- Activity
Beginning at the line containing "MILLY MALLY 6266", repeat each line below exactly up to and including the line containing "Josué 13:15 em imagem para compartilhar". Do not repeat the pictures.

Image-text web data:
*** Begin section ***

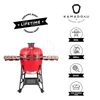 Kép 1/14 - Kamado4u EVO Greater D52 kerámia grill piros állványos 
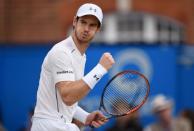 Britain Tennis - Aegon Championships - Queens Club, London - 18/6/16 Great Britain's Andy Murray celebrates during the semi final Action Images via Reuters / Tony O'Brien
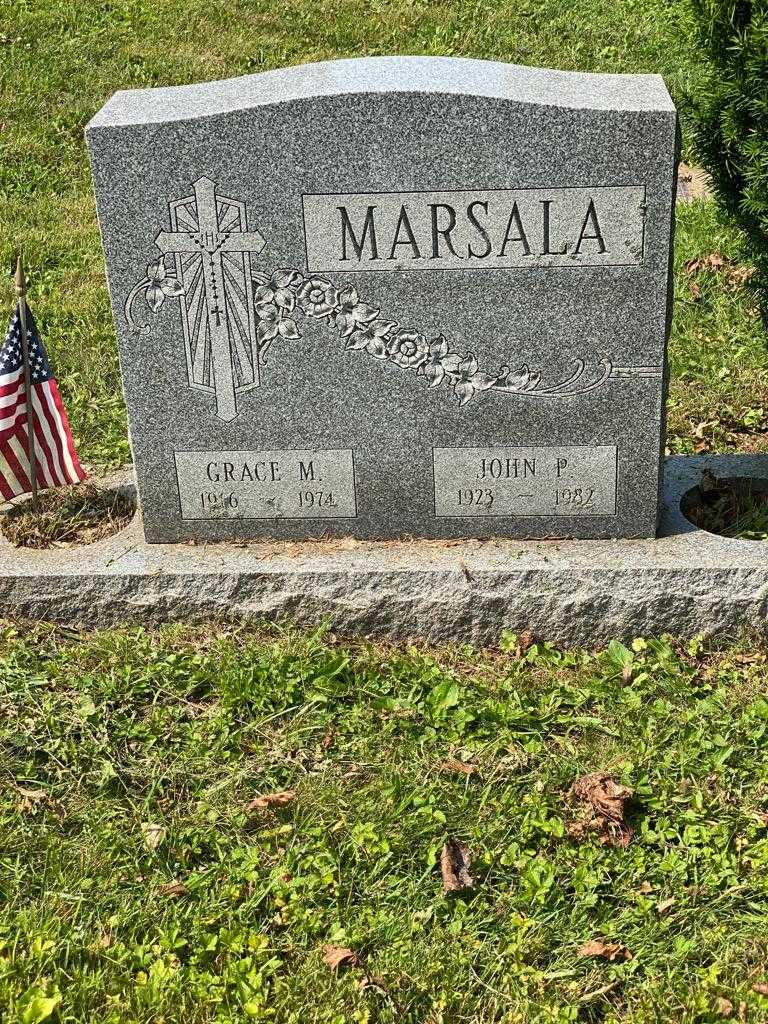 John P. Marsala's grave. Photo 3
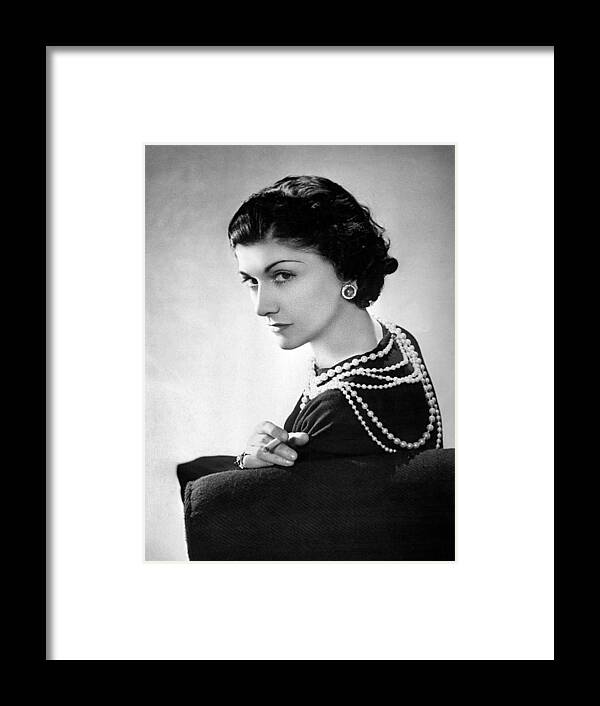 Coco Chanel framed art Quote, Chanel Art Print, Black and White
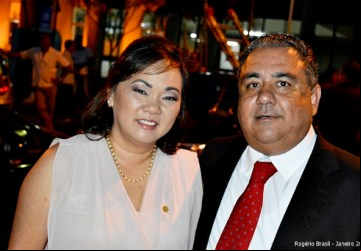 Célia Cavalcanti, a "Celinha", Prefeita de São Lourenço,( MULHER DE HOJE) com seu esposo Tenório Cavalcanti, que já foi Prefeito de São Lourenço duas vezes 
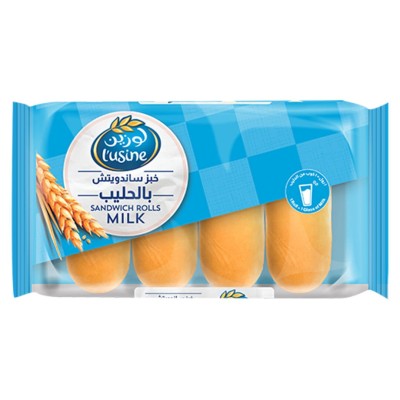 l’usine Milk Sandwich Rolls x4 50g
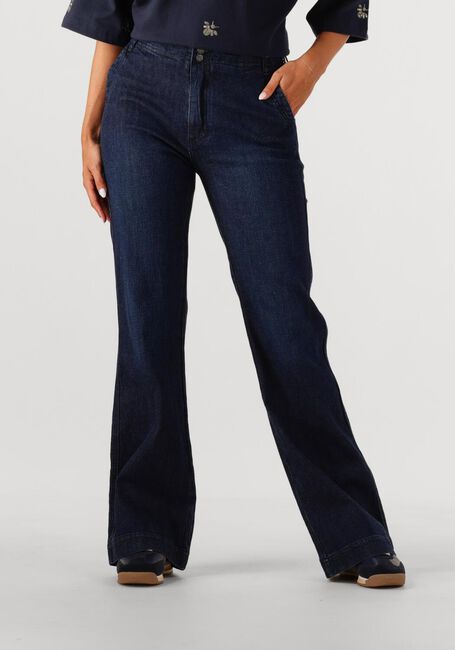 Donkerblauwe SUMMUM Wide jeans BOOTCUT CROPPED LIGHT WEIGHT COTTON - large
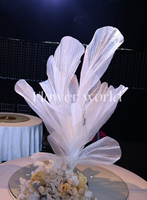 Centre de table de luxe en fleurs de feu dansantes, fleurs artificielles géantes en soie pour la décoration de mariage, toiles de fond, décoration de fête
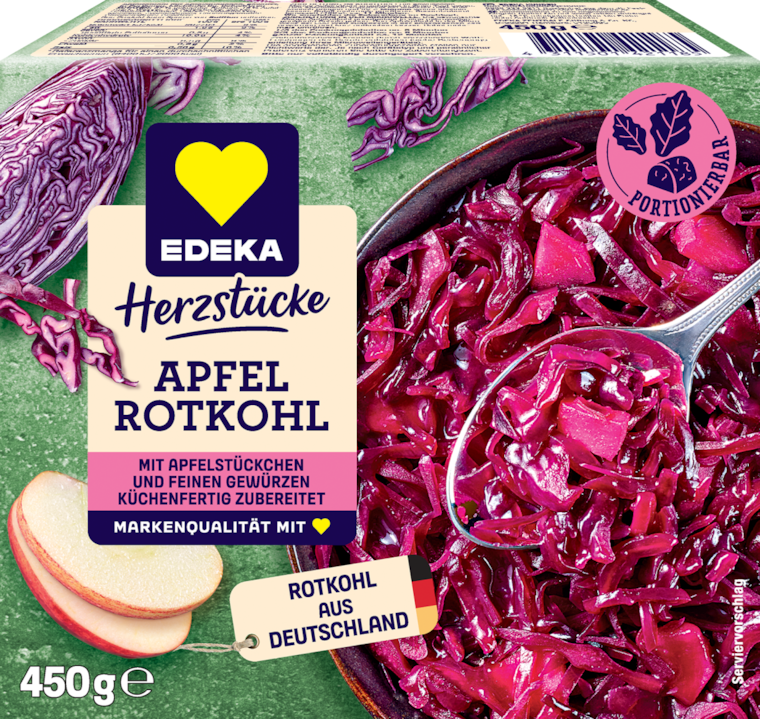 EDEKA Herzstücke Apfelrotkohl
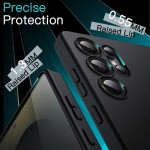 JETech Capa Slim Fit para Samsung Galaxy S25 Ultra 5G, Proteção Total da Lente da Câmera, Case Protetora Fina de TPU Macio para Telefone, Capinha Acabamento Fosco (Titânio Preto) - Imagem 5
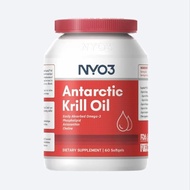 Yougouhui★Norway original NYO3 Antarctica 400mg Krill Oil Soft Capsules Fish Oil omega-3 Middle-aged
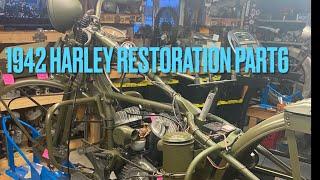 1942 WW2 Harley WLC project build part 6 . Restoration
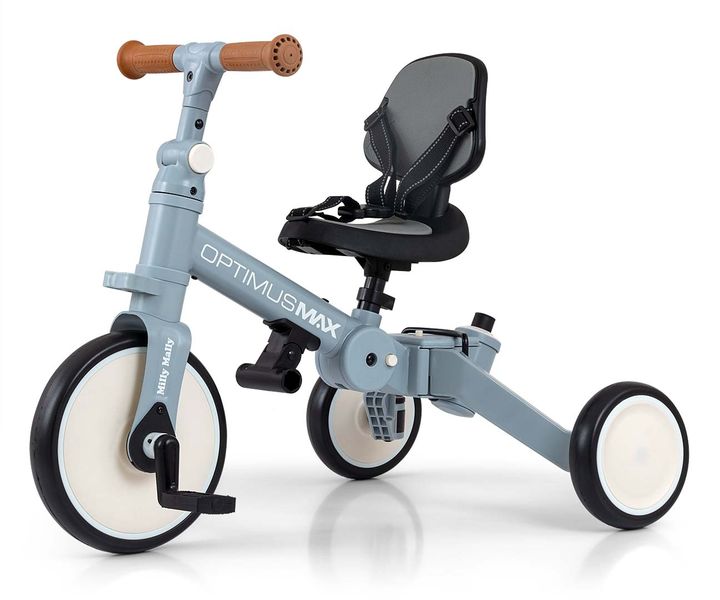 MILLY MALLY 6266 Rowerek 5w1 OPTIMUS MAX denim zdjęcie 4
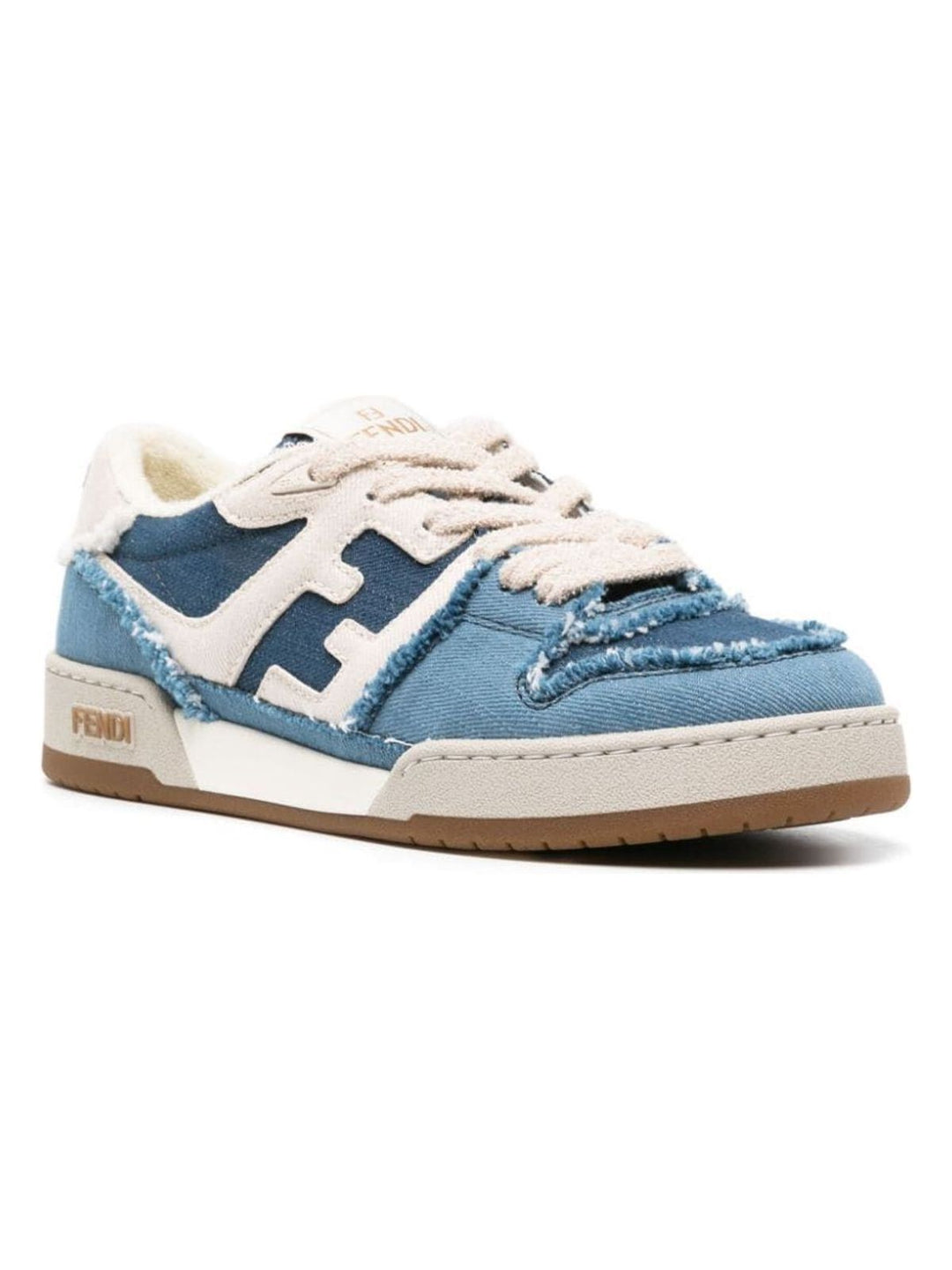 MATCH LOW TRAINER IN BLUE DENIM
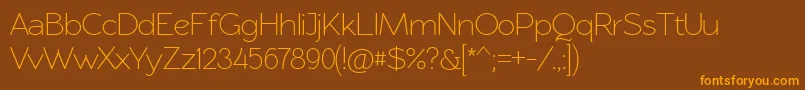 Rawengulksans094 Font – Orange Fonts on Brown Background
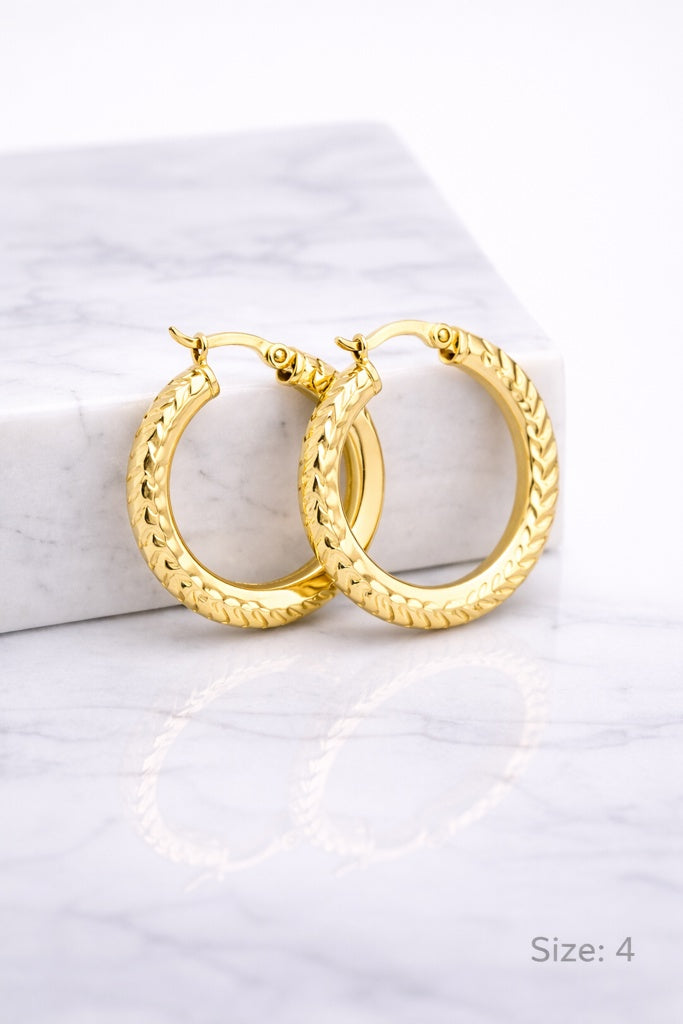10KT MODERN HOOPS  Weigth 2.7GR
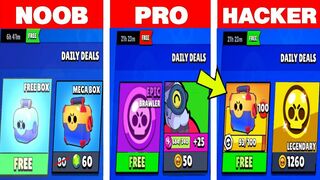 GIFT in Brawl Stars FROM SUPERCELL- NOOB vs PRO vs HACKER / Animation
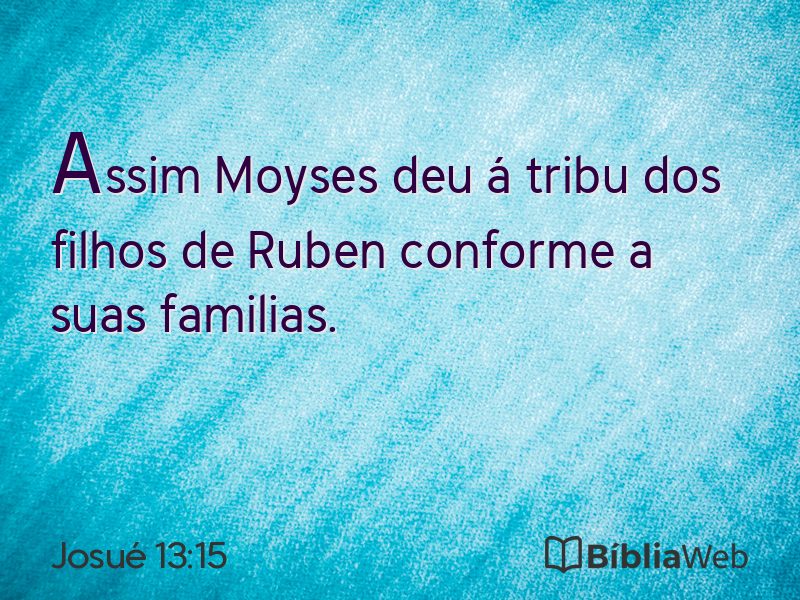 Josué 13:15 em imagem para compartilhar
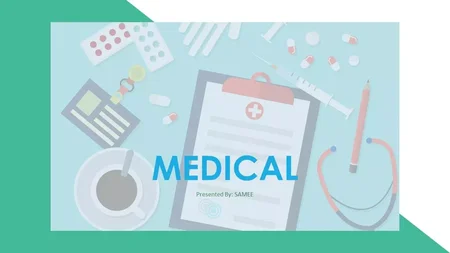 Medicinpræsentation Google Slides skabelon for download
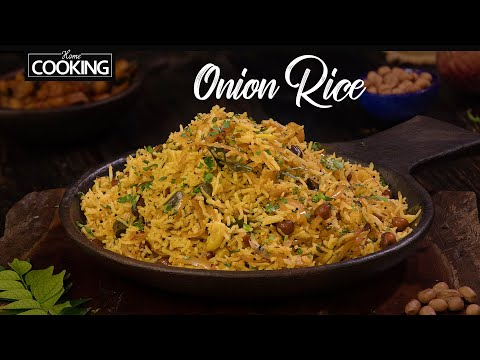 Instant Onion Rice Recipe | Lunch Box Recipes for kids | School Lunch Ideas | Variety Rice Recipes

*** End section ***

- Response box
 MILLY MALLY 6266 Rowerek 5w1 OPTIMUS MAX denim zdjęcie 4
 MATCH LOW TRAINER IN BLUE DENIM
 Rawengulksans094 Font – Orange Fonts on Brown Background
10KT MODERN HOOPS  Weigth 2.7GR
 GIFT in Brawl Stars FROM SUPERCELL- NOOB vs PRO vs HACKER / Animation
 Josué 13:15 em imagem para compartilhar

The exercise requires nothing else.